January 29, 2023

FTX’s new CEO answered questions about his efforts to recover client funds from the collapsed cryptocurrency exchange during a lengthy hearing for lawmakers on Tuesday, saying his team had an “unprecedented” experience at the company. Missing record issue.

John J. Ray III, an attorney who specializes in corporate restructuring, testified for about four hours, saying he was in the early stages of sorting out exchanges to find funds that could be used to repay creditors and consumers.

“It will take time to find these assets,” Mr Ray said. “As I said, this process will take months, not weeks. But we will try to do it in the fastest possible way.”

He described FTX as a company that keeps few records of its business, including tracking invoices in messaging app Slack and using consumer tax software QuickBooks, unusual for a multibillion-dollar company. He also said that while his team saved the company’s Slack, it was also aware of the company’s use of “disappearing messaging.”

Asked whether customers would get their money back, Mr Ray demurred.

“It’s too early to tell what the ultimate recovery will be for each particular customer. At some point we’ll obviously know that and we obviously want to maximize that,” he said.

“Well, it doesn’t sound like you really think they’re going to get their money back,” said Rep. Alma Adams, D-North Carolina.

Mr. Ray was asked to quantify FTX’s epic collapse and compare it to Enron’s. Mr Ray oversaw the dissolution of the energy trading company following an accounting scandal in 2001.

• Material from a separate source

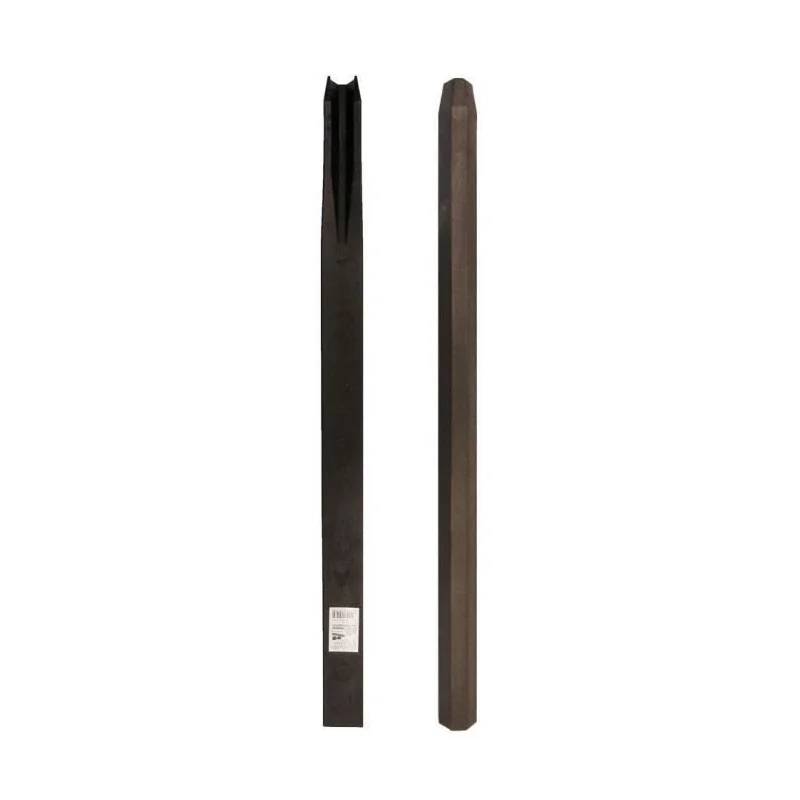 Piquet polyéthylène recyclé noir H 58 cm - UBBINK - Image 2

He said their cases were very different, and called the perpetrators of the Enron crime “very sophisticated,” while FTX executives seemed “really just old-fashioned embezzlement” and not at all sophisticated.

Still, Mr. Wray’s response suggests he believes FTX’s former CEO, Sam Bankman-Fried, was well aware of the company’s fraudulent practices. At one point, he was asked whether it was possible that Mr. Bankman-Fried was unaware of the commingling of funds between FTX entities, as he has said before, including in an interview with The New York Times.

“No,” Mr. Ray replied.

On Tuesday, prosecutors charged Mr. Bankman-Fried with defrauding investors. He also faces civil securities fraud charges.

Lawmakers have called for new regulations for the crypto industry. Rep. Jake Auchincloss, D-Mass., said his “patience with the cryptocurrency bulls is wearing thin.”

“Fourteen years on, the American public has heard a lot of promises, but also seen a lot of Ponzi schemes,” he said. “For cryptocurrencies, it’s time to suffer or shut up.”

When lawmakers spoke directly about Mr. Bankman-Fried, he courted politicians of both parties before FTX collapsed, and they were critical of it.

Rep. Brad Sherman, D-Calif., and a longtime crypto critic, reminded his colleagues of the bigger picture. “Don’t criticize Sam Bankman-Fried and then pass his bill,” Mr. Sherman said, referring to Mr. Bankman-Fried’s extensive lobbying in Washington and his efforts to push for crypto legislation that would apply to FTX.

When asked what role Mr. Bankman-Fried would play in the company going forward, Mr. Ray was concise.

“The role he’s playing so far: zero,” he said.